Rick Macklem rmacklem at uoguelph.ca
Sat Jun 29 00:19:35 UTC 2013


Zoltan Nagy wrote:
> 
> 
> 
> 
> Right. As I said, increasing it to 1M increased my throughput from
> 17MB/s to 76MB/s.
> 
I vaguely recall running into problems with UFS when I made MAXBSIZE > 128Kbytes,
but it has been a while since I tried it. Even doubling it would be a significant
change in the default, with the potential for secondary effects I have no idea on.
(That's why I haven't even doubled it in head as of yet. I may get that daring
 someday, after having an email list discussion about implications of it.)

You didn't mention what client you are using? (The FreeBSD client won't do rsize/wsize
greater than MAXBSIZE either, so it will be capped at 64Kbytes.)

You can also try things like changing rsize,wsize and readahead in the client mount.
(Most clients have some variant of these mount options.)

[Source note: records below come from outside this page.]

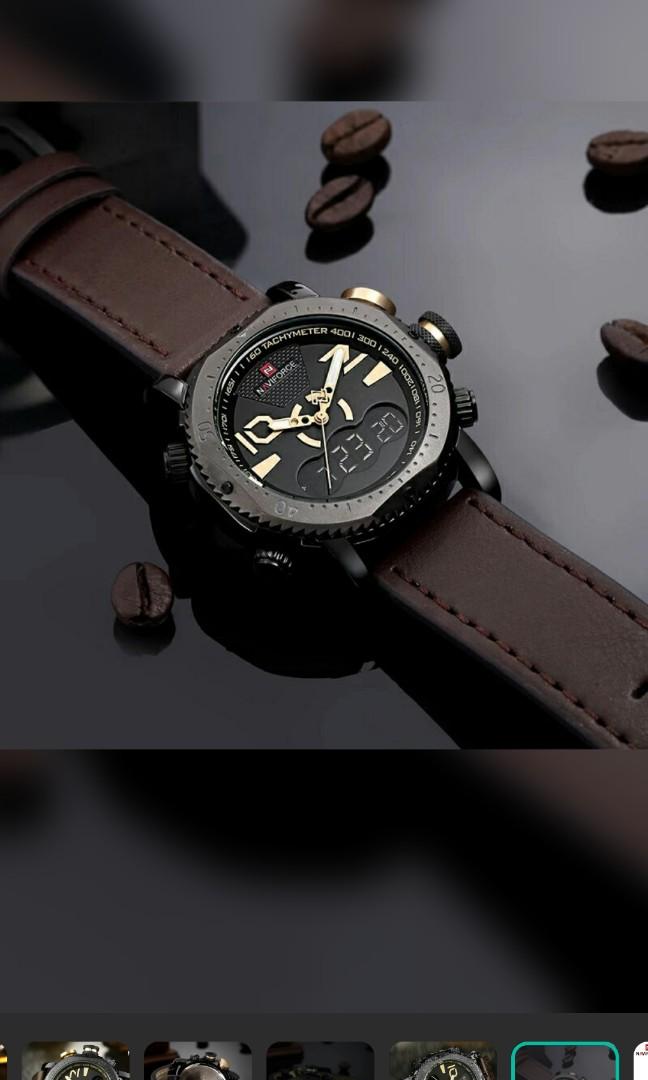 Naviforce NF9094M Men s Watch Carousell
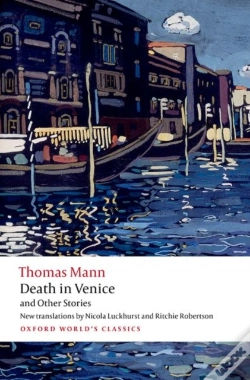 Capa do artigo Death In Venice And Other Stories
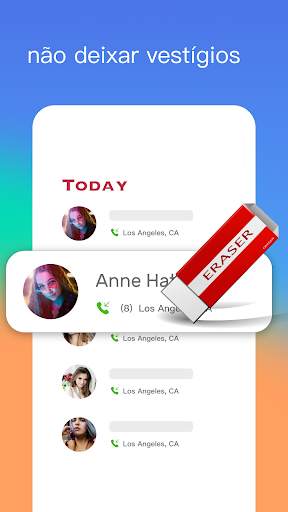 CallSafe - Caller ID, Bloqueador de Chamadas screenshot 6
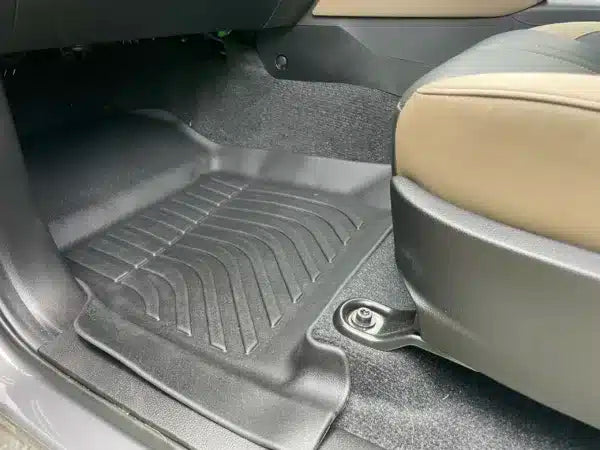 Mazda BT50 (2021-2024) TF - Floor Mats All Weather 3D/5D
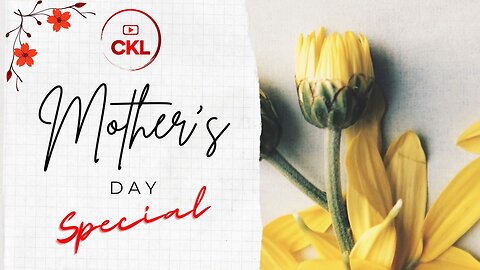 Chris Kruse Live: Mother's Day Special w/ Special Guest Mrs. Worldwide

Also, ken@ recently added NFSv3 file handle affinity support, which apparently helps
reading from ZFS, since without it some ZFS algorithm that recognized sequential
access fails and that slows things down. (ie. You could try a recent 10/current or
stable/9 on the server and see what effect that has.)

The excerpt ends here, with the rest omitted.